**AVAILABLE RECORDS**
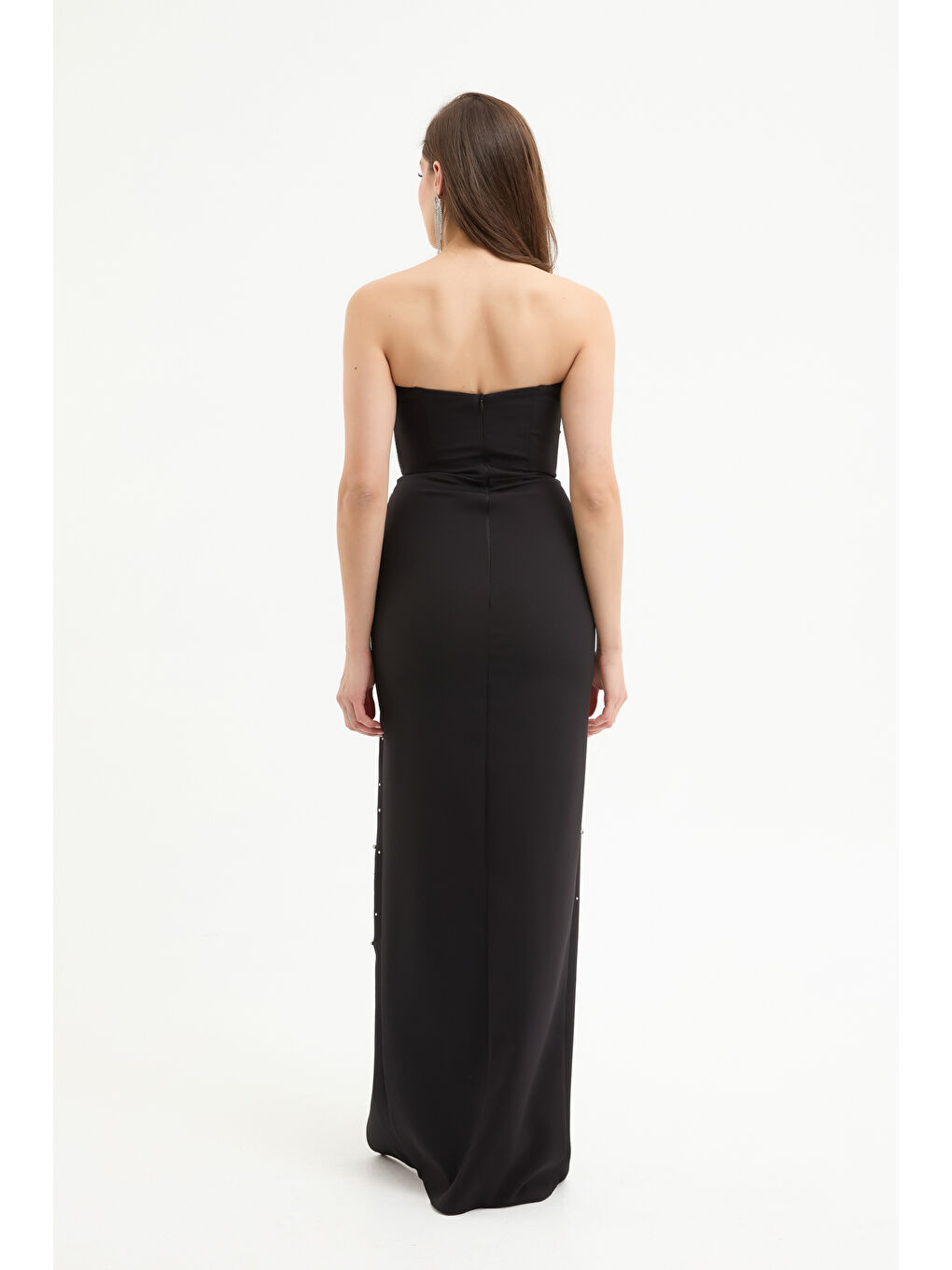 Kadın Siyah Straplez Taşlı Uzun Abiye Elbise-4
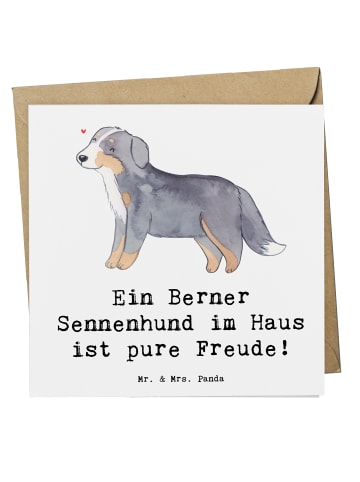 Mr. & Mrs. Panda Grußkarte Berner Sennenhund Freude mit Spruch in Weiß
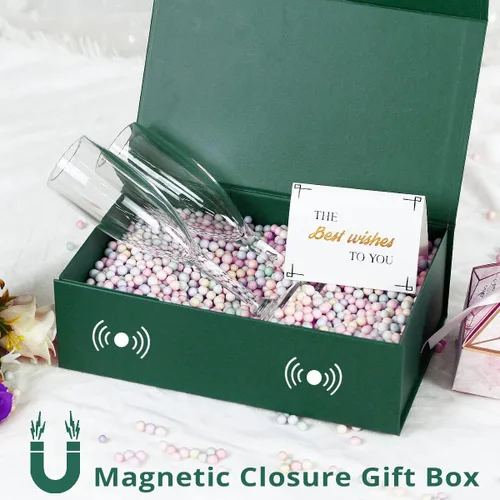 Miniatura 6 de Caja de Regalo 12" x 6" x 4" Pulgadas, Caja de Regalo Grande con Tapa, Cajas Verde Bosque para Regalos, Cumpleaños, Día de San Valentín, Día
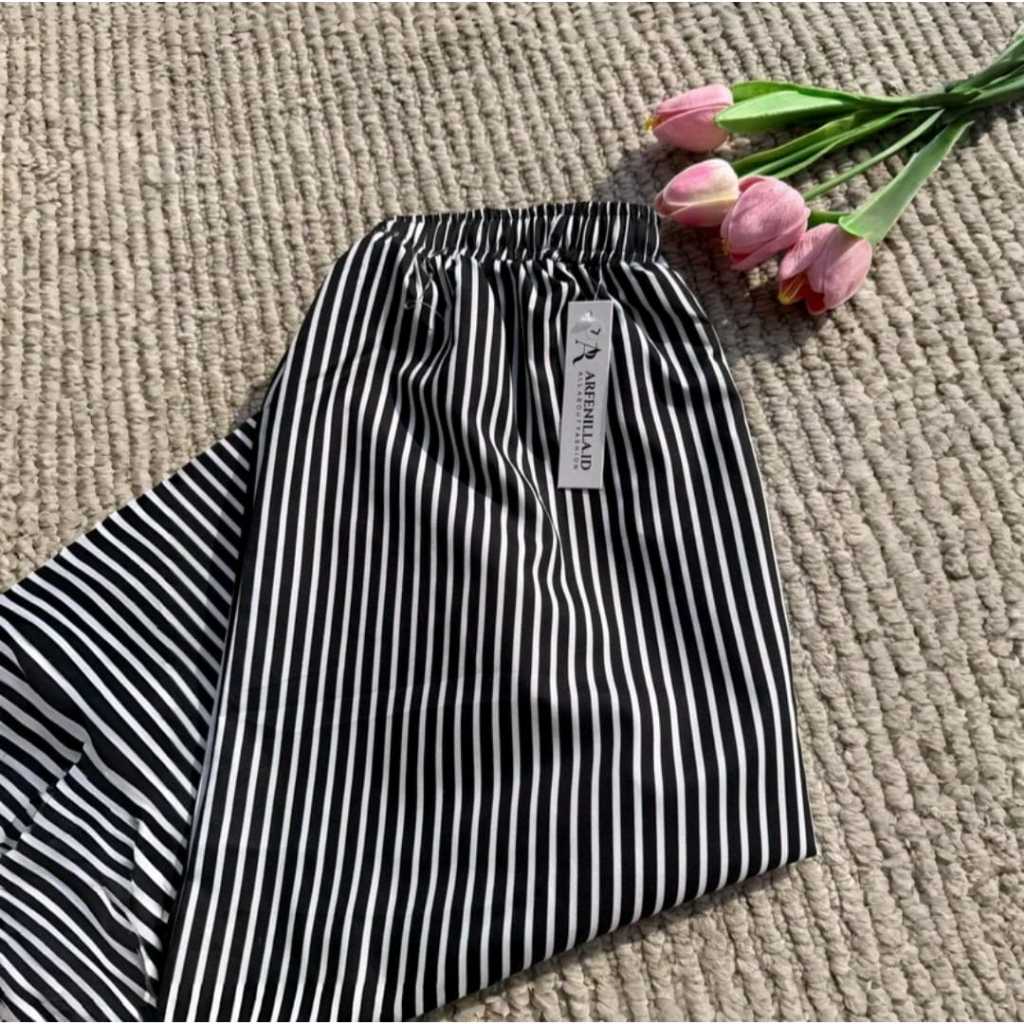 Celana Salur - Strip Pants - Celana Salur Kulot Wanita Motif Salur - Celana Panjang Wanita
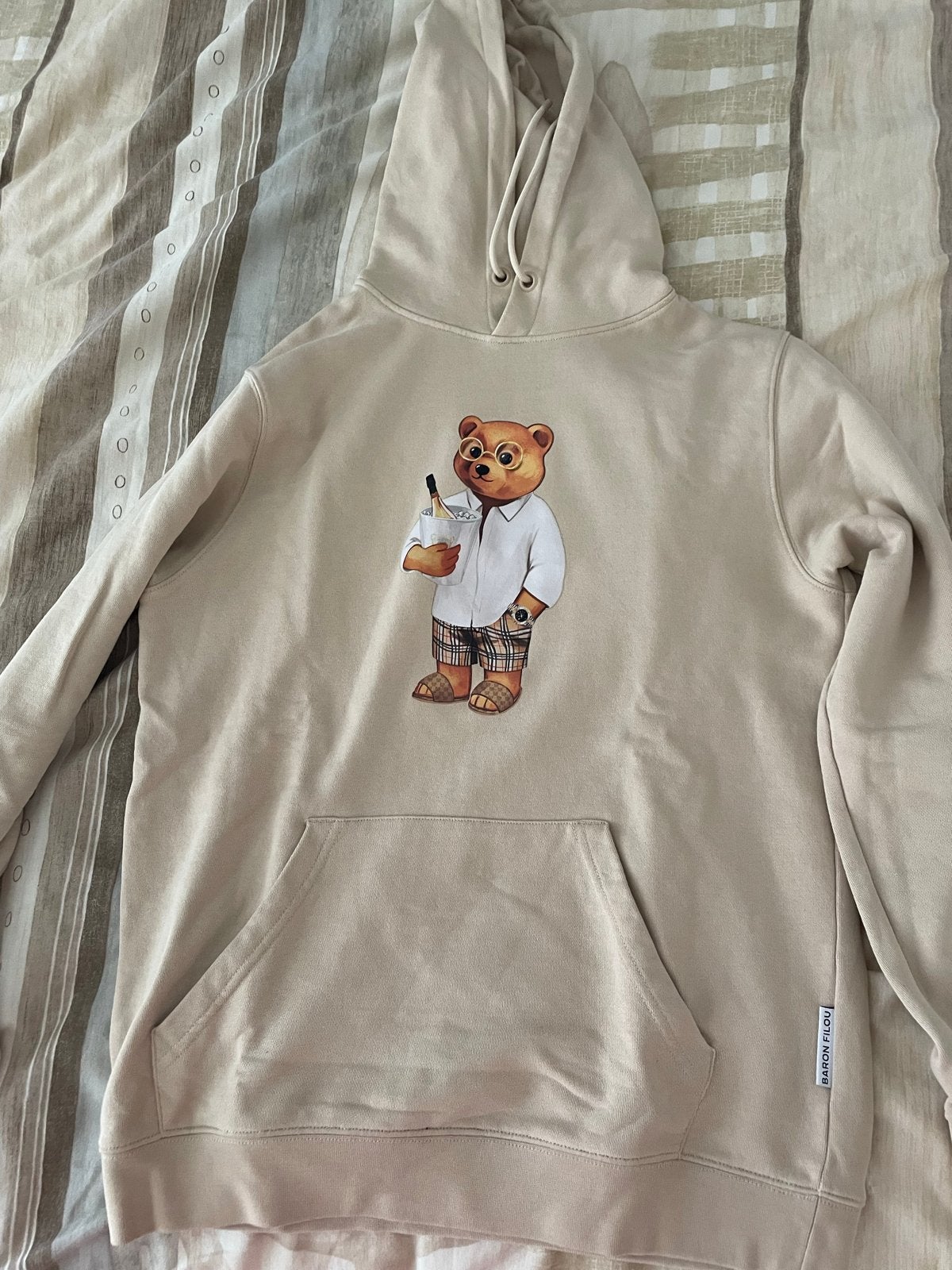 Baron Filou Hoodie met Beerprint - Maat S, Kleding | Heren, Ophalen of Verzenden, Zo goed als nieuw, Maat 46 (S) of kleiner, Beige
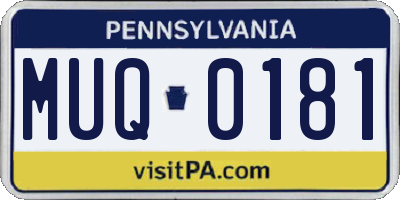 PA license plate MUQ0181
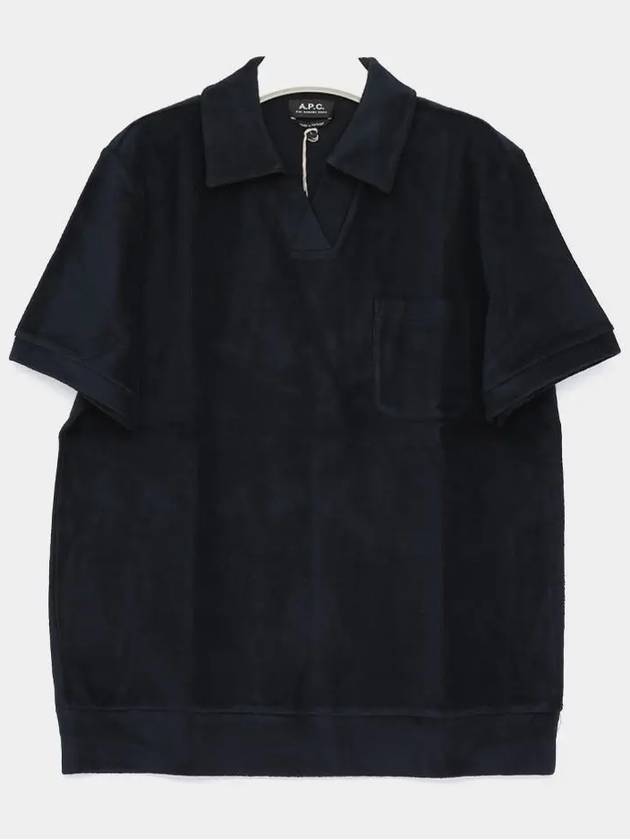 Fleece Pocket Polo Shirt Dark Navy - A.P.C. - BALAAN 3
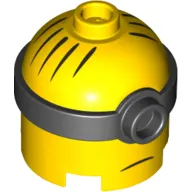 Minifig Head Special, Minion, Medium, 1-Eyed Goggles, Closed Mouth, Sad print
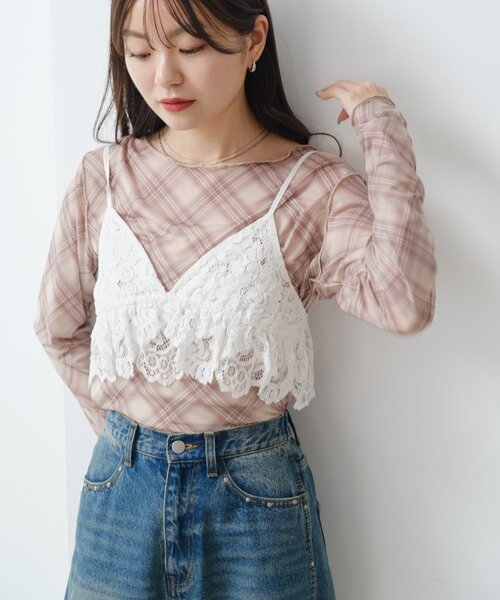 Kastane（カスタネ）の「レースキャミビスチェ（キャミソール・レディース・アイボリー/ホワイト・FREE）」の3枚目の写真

**WORK TASK**
From the first line to the last, set down the records above exactly and skip the pictures.

**ANSWER FOR THIS EXERCISE**
 Kadın Siyah Straplez Taşlı Uzun Abiye Elbise-4
 Mr. & Mrs. Panda Grußkarte Berner Sennenhund Freude mit Spruch in Weiß
 Miniatura 6 de Caja de Regalo 12" x 6" x 4" Pulgadas, Caja de Regalo Grande con Tapa, Cajas Verde Bosque para Regalos, Cumpleaños, Día de San Valentín, Día
 Celana Salur - Strip Pants - Celana Salur Kulot Wanita Motif Salur - Celana Panjang Wanita
 Baron Filou Hoodie met Beerprint - Maat S, Kleding | Heren, Ophalen of Verzenden, Zo goed als nieuw, Maat 46 (S) of kleiner, Beige
 PA license plate MUQ0181
 Fleece Pocket Polo Shirt Dark Navy - A.P.C. - BALAAN 3
 Minifig Head Special, Minion, Medium, 1-Eyed Goggles, Closed Mouth, Sad print
 Kastane（カスタネ）の「レースキャミビスチェ（キャミソール・レディース・アイボリー/ホワイト・FREE）」の3枚目の写真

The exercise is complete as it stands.